Monday, August 6, 2012

What to say or not to say

Last June, a hurting father contacted me by email and wondered if he could ask me a question. Sure, I agreed. A few weeks later, he wrote back. 

"I have tried to not say anything negative to my kids about their mother at all," he said in his note. "This has not been true on her end. I have been encouraged by a number of people to be more open with my kids, especially the older ones (17, 14 and 11) about some of the reasons I chose to leave.
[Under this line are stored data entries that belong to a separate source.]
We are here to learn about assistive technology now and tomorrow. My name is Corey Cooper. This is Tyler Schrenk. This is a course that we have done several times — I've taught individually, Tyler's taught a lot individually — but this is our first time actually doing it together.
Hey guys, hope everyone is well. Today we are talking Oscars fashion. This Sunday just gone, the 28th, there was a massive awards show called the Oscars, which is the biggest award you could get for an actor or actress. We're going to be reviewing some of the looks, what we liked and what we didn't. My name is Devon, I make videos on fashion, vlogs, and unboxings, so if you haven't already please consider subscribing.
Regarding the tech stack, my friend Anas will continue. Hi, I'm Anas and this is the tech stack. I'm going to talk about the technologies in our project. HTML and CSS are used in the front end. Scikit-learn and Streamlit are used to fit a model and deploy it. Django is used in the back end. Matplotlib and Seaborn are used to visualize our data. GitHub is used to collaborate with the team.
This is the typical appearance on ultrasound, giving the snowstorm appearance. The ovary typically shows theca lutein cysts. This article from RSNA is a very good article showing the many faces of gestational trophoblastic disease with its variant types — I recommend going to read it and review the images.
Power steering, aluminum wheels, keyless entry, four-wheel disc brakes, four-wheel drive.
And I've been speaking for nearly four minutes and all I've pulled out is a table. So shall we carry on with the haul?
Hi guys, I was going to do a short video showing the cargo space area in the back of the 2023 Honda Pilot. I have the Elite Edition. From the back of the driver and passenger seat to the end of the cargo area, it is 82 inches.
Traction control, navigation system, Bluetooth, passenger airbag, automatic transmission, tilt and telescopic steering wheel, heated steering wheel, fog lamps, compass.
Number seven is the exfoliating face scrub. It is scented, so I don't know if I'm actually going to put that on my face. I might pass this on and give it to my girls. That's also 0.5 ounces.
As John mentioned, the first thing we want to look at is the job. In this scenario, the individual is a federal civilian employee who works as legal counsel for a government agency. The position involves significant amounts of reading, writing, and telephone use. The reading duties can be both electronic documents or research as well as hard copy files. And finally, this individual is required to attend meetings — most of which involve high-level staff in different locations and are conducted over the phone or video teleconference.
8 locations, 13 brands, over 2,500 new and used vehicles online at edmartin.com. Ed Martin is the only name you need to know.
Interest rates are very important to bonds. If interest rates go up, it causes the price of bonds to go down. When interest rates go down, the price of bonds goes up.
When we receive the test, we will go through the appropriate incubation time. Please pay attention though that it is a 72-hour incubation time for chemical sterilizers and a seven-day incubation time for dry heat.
I am struggling with this balance."

I thought about his dilemma several days before I wrote the father back, most of which I decided to share here as a blog post.

"Basically, I've come to realize that as much as we parents long for our children to understand the reasons behind our divorces, our children do NOT want to know," I told him. "From what I've observed from my own two, I think children of divorce get tired of hearing the back-and-forth between their parents, and they simply want to have their mom and dad back. In answer to your question, you're handling the situation correctly. Your former spouse isn't. And there isn't anything you can do about her. I think if I were you, I'd wait and let the kids ask questions about why you left; don't initiate. If they do, keep answers short and factual. I think the main thing is to speak as positive as you can about their mother (I know, it's hard under the circumstances). They'll respect you even more in the long run for that.

"It's just been in the past year," I added, "that I've really tried in conversations with my grown kids to refer to my former husband (I never liked like the term 'ex' doesn't sound respectful to me) as 'Dad,' not 'your father.' Like 'how's Dad?' and 'What did Dad think about that?' To me, that sounds more familial, not accusatory."

This hurting father wrote me a "thank you" back. I hope my thoughts did help in some way. Maybe in some small way they'll help someone else, too.